Crawled caption data
════

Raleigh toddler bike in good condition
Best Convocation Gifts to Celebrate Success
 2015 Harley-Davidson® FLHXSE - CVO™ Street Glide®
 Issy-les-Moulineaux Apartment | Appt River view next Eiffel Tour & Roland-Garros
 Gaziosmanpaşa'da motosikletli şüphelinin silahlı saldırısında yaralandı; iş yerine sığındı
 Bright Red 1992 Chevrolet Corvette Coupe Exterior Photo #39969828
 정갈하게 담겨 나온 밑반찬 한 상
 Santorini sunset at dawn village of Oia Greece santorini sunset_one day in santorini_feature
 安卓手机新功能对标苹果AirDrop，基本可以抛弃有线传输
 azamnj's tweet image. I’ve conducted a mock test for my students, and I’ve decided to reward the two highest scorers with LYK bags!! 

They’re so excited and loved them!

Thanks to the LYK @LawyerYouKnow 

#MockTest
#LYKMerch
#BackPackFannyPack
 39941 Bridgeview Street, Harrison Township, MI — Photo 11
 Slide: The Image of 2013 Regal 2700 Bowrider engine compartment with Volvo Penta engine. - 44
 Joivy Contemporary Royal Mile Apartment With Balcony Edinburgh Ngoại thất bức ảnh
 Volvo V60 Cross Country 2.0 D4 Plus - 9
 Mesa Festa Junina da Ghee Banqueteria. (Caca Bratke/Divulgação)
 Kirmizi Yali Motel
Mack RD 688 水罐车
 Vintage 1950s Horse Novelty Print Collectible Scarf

════

* [Exercise] The records shown above are to be retyped exactly, with none omitted.

* [Result of the task]
Raleigh toddler bike in good condition
Best Convocation Gifts to Celebrate Success
 2015 Harley-Davidson® FLHXSE - CVO™ Street Glide®
 Issy-les-Moulineaux Apartment | Appt River view next Eiffel Tour & Roland-Garros
 Gaziosmanpaşa'da motosikletli şüphelinin silahlı saldırısında yaralandı; iş yerine sığındı
 Bright Red 1992 Chevrolet Corvette Coupe Exterior Photo #39969828
 정갈하게 담겨 나온 밑반찬 한 상
 Santorini sunset at dawn village of Oia Greece santorini sunset_one day in santorini_feature
 安卓手机新功能对标苹果AirDrop，基本可以抛弃有线传输
 azamnj's tweet image. I’ve conducted a mock test for my students, and I’ve decided to reward the two highest scorers with LYK bags!! 

They’re so excited and loved them!

Thanks to the LYK @LawyerYouKnow 

#MockTest
#LYKMerch
#BackPackFannyPack
 39941 Bridgeview Street, Harrison Township, MI — Photo 11
 Slide: The Image of 2013 Regal 2700 Bowrider engine compartment with Volvo Penta engine. - 44
 Joivy Contemporary Royal Mile Apartment With Balcony Edinburgh Ngoại thất bức ảnh
 Volvo V60 Cross Country 2.0 D4 Plus - 9
 Mesa Festa Junina da Ghee Banqueteria. (Caca Bratke/Divulgação)
 Kirmizi Yali Motel
Mack RD 688 水罐车
 Vintage 1950s Horse Novelty Print Collectible Scarf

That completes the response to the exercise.